(İHD) İstanbul Şubesi Hapishaneler Komisyonu, hasta tutsakların durumuna dikkat çekmek için her hafta yaptığı “F Oturumu”nu Şube binasında düzenledi.
bu hafta Diyarbakır 1 Nolu Yüksek Güvenlikli Hapishanesinde bulunan hasta tutsak Aziz Tufan’ın durumuna dikkat çekti. İHD Hapishaneler Komisyonu üyesi Mehmet Acettin, hapishanelerde yetkililerin duyarsızlıkları nedeniyle hasta tutsaklardan Garibe Gezer, 9 Aralık’ta; Abdurrezzak Suyur, 14 Aralık’ta; Halil Güneş, 15 Aralık’ta; İlyas Demir’in ise 17 Aralık’ta yaşamını yitirdiğini söyledi.

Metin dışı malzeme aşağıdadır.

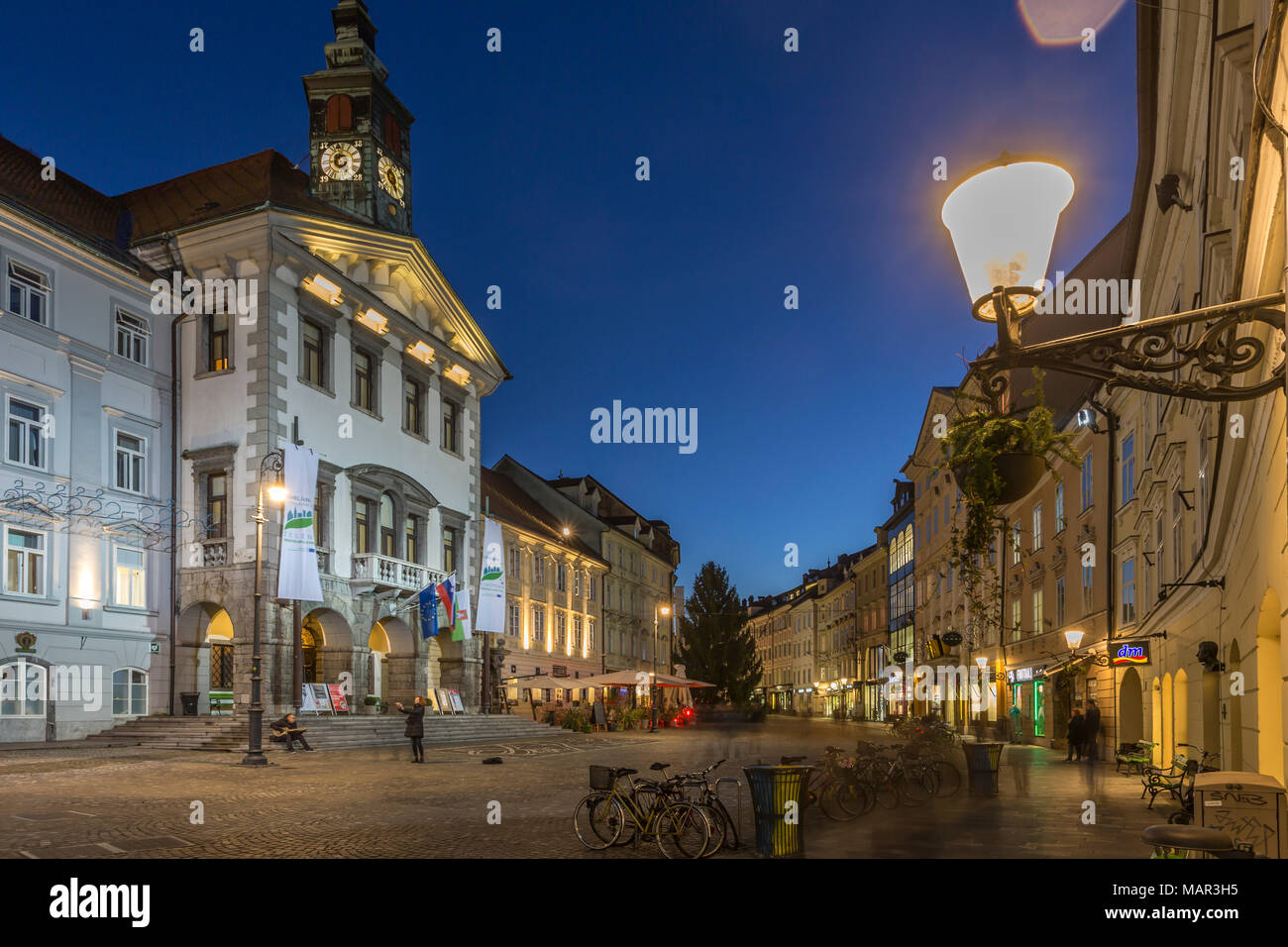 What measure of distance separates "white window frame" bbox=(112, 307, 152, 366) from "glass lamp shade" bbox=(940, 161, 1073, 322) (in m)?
29.6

Diyarbakır 1 Nolu Yüksek Güvenlikli Hapishanesinde bulunan ağır hasta tutsak Aziz Tufan’ın, vertigo hastası olduğunu ve ağır mide ve bağırsak rahatsızlıkları olduğuna dikkat çeken Acettin, hastalıklarından dolayı Tufan’ın sık sık hastaneye götürülmesi gerekirken, 73 gün boyunca karantinada tutulduğunu ve ardından normal koğuşa götürüldüğünü ifade etti.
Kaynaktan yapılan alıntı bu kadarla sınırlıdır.